# [TASK TO CARRY OUT]
This exercise calls for the line with "Daisy Lace szorty - pudrowy róż", the line with "Merzouga Sahara Camp Extérieur photo", and all lines between them in the material below, output exactly and with no other lines.

# [DATASET CONTENT]
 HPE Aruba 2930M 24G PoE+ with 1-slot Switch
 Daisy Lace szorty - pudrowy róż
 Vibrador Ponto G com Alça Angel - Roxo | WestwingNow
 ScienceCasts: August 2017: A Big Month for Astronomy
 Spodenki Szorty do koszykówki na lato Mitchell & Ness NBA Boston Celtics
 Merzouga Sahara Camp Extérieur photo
--
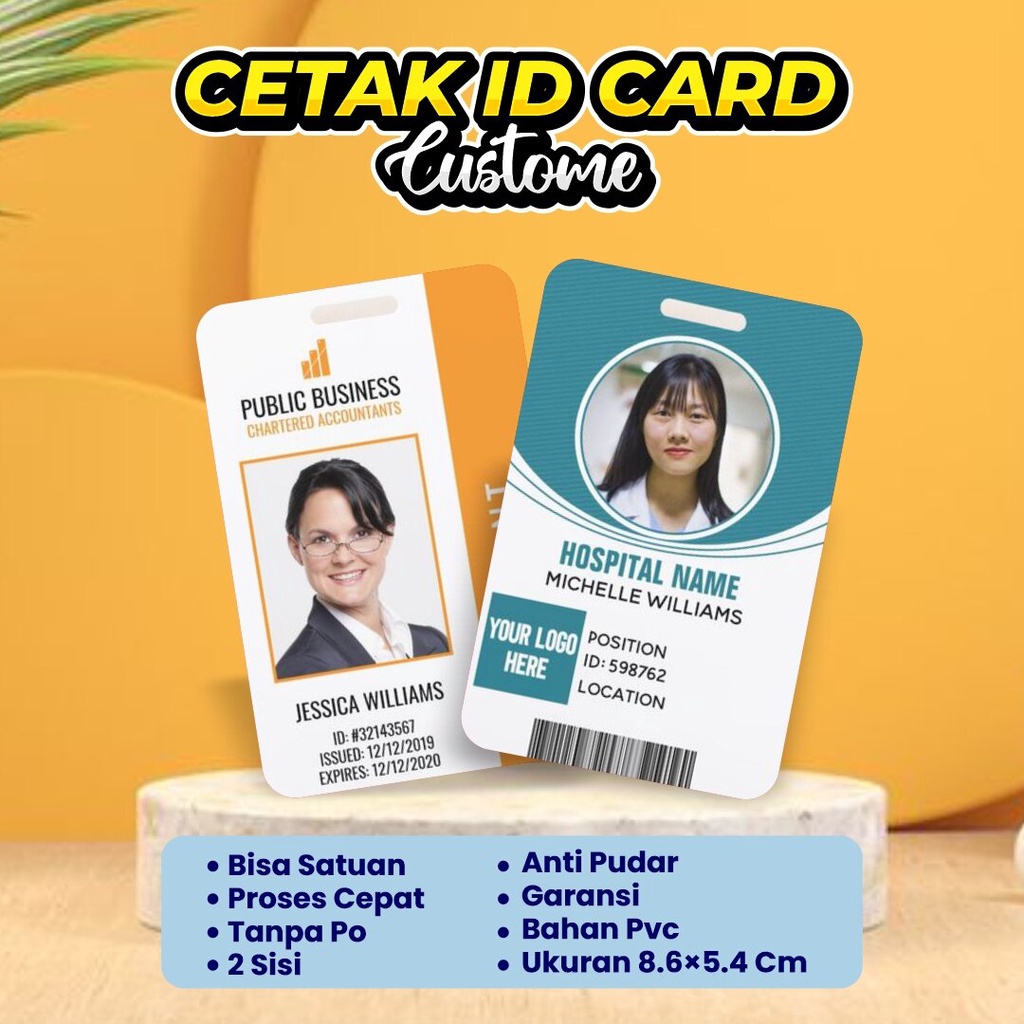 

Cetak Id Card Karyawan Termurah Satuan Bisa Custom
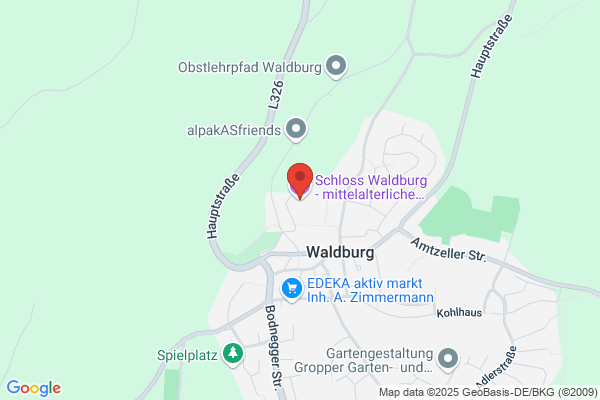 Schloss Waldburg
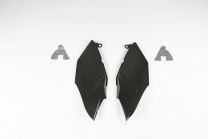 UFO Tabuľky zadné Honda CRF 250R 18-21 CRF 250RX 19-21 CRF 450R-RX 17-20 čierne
---
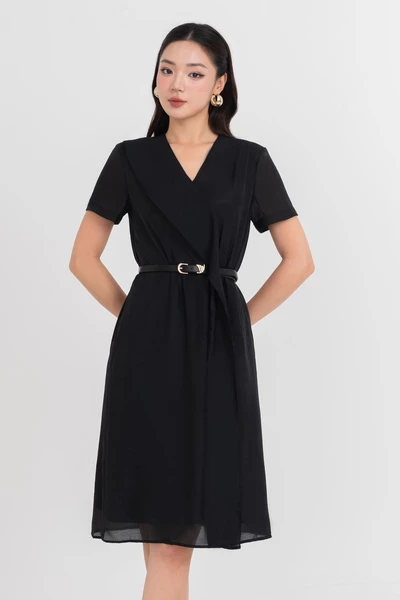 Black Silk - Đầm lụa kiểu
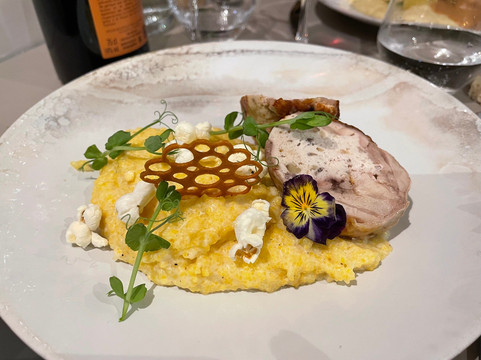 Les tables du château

# [ANSWER BOX]
 Daisy Lace szorty - pudrowy róż
 Vibrador Ponto G com Alça Angel - Roxo | WestwingNow
 ScienceCasts: August 2017: A Big Month for Astronomy
 Spodenki Szorty do koszykówki na lato Mitchell & Ness NBA Boston Celtics
 Merzouga Sahara Camp Extérieur photo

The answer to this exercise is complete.